Jyoti Prashad Singh Deo Bahadur v. Bharat Shah Babu And Others

(High Court Of Judicature At Patna)

| 05-11-1935

Agarwala, J.In the record of rights finally published in 1923 village Shampur was recorded as the rent-free debatter property of the defendant idols Damodarjiu and Shamsunderjiu and the other defendants were recorded as she-baits. In the present suit the plaintiff-appellant sued for a declaration that the village is a rent paying mauza within his zamindari, that it is not debatter property and that the defendants are ordinary tenure-holders and are liable to pay rent at Rs. 26 a year. The first Court decreed the plaintiffs suit. On appeal the lower appellate Court reversed this decision, holding that the village was rent-free debatter property. This decision is challenged in second appeal by the plaintiff appellant, and by reference to the Badshahee Grants Regulation 37 of 1793, and the non-Badshahee Grants Regulation 19 of 1793, and the other Regulations intended for the purpose of ascertaining and registering rent-free grants, it is argued that village Shampur has not been shown to have been a rent-free grant before the time of the decennial settlement as alleged by the defendants. It may be mentioned that the defendants were unable to produce the grant by which they say their ancestors acquired the mauza in dispute because it has been lost. The Court of appeal below has referred to the documentary evidence adduced by the plaintiff, but has been unable to draw from it the inference which the plaintiff seeks to place upon that evidence. With regard to the documentary evidence of the defendants, the Court of appeal below has come to the conclusion that that evidence proves that the property was rent-free property granted to the ancestors of the defendants. That evidence consists, first, of an extract from a general register of records showing that in 1873 the plaintiffs predecessor in title sued the defendants for recovery of cess: a receipt for cess was also produced. The lower Court has inferred, from the fact that only cess was claimed, that the predecessor of the plaintiff did not assert the right to recover rent from the defendants. It appears, however, that the name of the mauza in dispute in the present litigation is not entered in the papers on which the Court of appeal below relies and there is nothing on the record to connect those papers with mauza Shampur. The documents referred to were documents put in by the defendants, and it was, therefore, the duty of the defendants to show the connexion between those documents and the property in dispute.

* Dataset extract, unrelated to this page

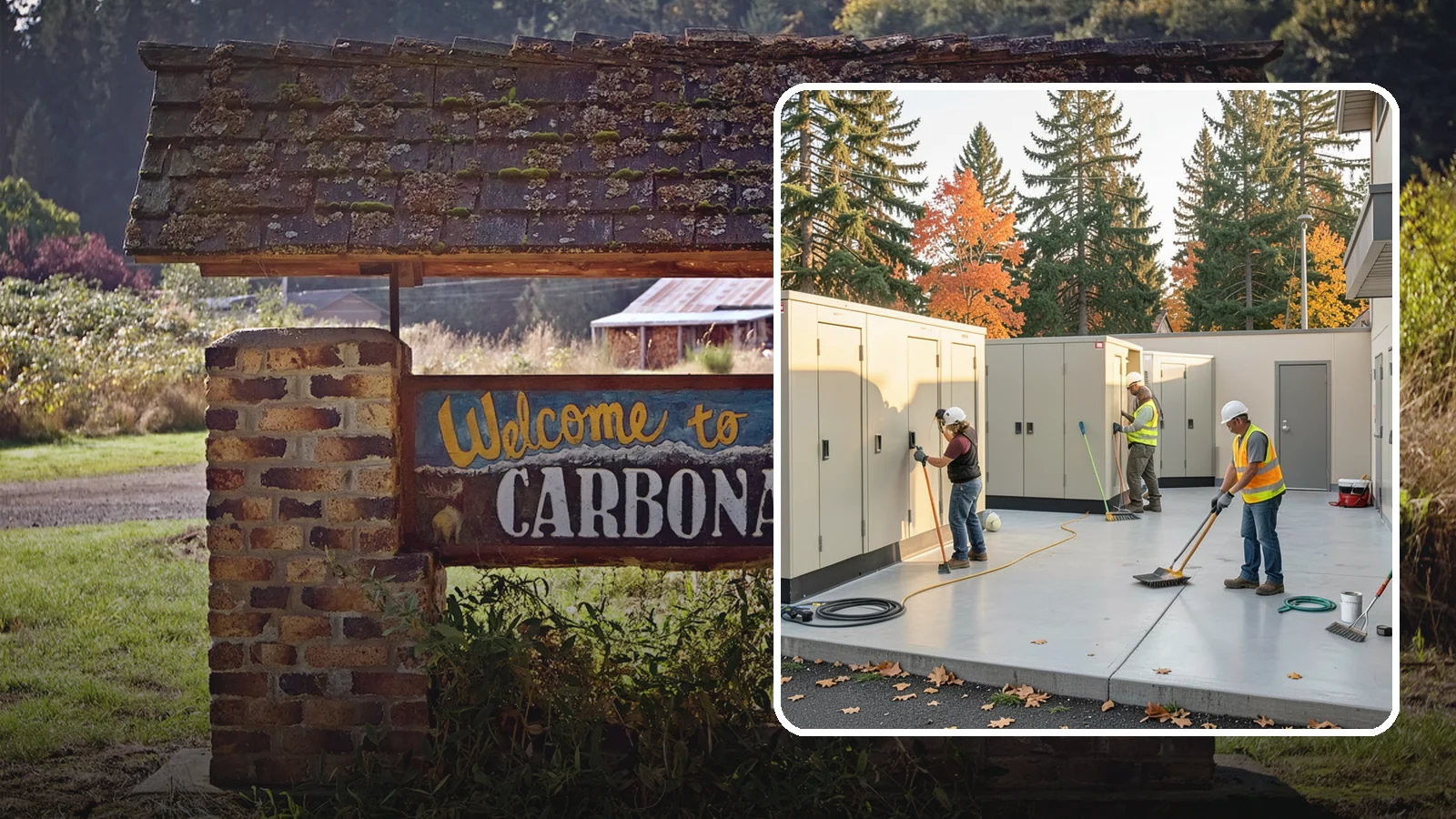 Municipal Restroom Construction in Carbonado, Pierce County, WA - Build durable public restroom facilities engineered for high traffic, vandal resistance, and accessibility compliance.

2. The next items of evidence on which the Court of appeal below relied were two pattas and a kabuliat. The pattas were executed by the predecessor in interest of the defendants and the kabuliat by a tenant to whom a certain right was granted by the defendants. In these documents the mauza is referred to as defendants lakheraj debatter. The learned Advocate for the appellant contends that this description of the defendants in documents to which the plaintiff was not a party is not admissible against him. For the respondents, on the other hand, it is contended that the statements in the patta and kabuliat are admissible u/s 13, Evidence Act, Clause (b). The relevant portion of Section 13 is as follows:

Where the question is as to the existence of any right or custom, the following facts are relevant: (b) particular instances in which the right or custom was claimed, recognized or exercised, or in which its exercise was disputed, asserted or departed from.

3. In the present case the question is whether these statements in the pattas and kabuliat were instances in which the right was claimed or instances in which the exercise of the right was asserted. A similar contention was raised before a Bench of three Judges of the Calcutta High Court in Brojendra Kishore Roy Chaudhuri v. Mohim Chandra Bhattacharji 1927 Cal 1. In that case the plaintiff sued for assessment of fair rent on the land in suit in which he alleged that the defendants had a right of occupancy only. The defendants pleaded that the land was held rent-free and produced in evidence a kabala executed many years previously by which one of their predecessors purported to sell the plaint lands with other lands alleging that they were nishkar brahmattar and that his father was in possession of them in nishkar right. A question arose whether the statement in the kabala was admissible either under Clause (a) or (b) of Section 13. In considering the meaning of the word "claimed" in Clause (a) Cuming, J., one of the two Judges who first heard the case and whose decision was approved by three Judges before whom the case eventually came, held that the word "claim" in the section indicates that the right is asserted to the knowledge and in the presence of the person whose right will be derogated by the establishment of the claim. His Lordship went on to observe:

The mere assertion of the right in a document, to which the person against whom the right is asserted is not a party and of which he knows nothing is not to claim the right.

4. With regard to the second part of para. (b) of Section 13, in considering the meaning of the words, "particular instances in which the exercise of the right was asserted," his Lordship observed:

The mere statement in the deed of sale that the vendor had a nishkar right cannot be said to be an instance when the exercise of the right was asserted. It is difficult for me to conceive how a nishkar transaction right can be exercised except perhaps by the refusal to pay rent.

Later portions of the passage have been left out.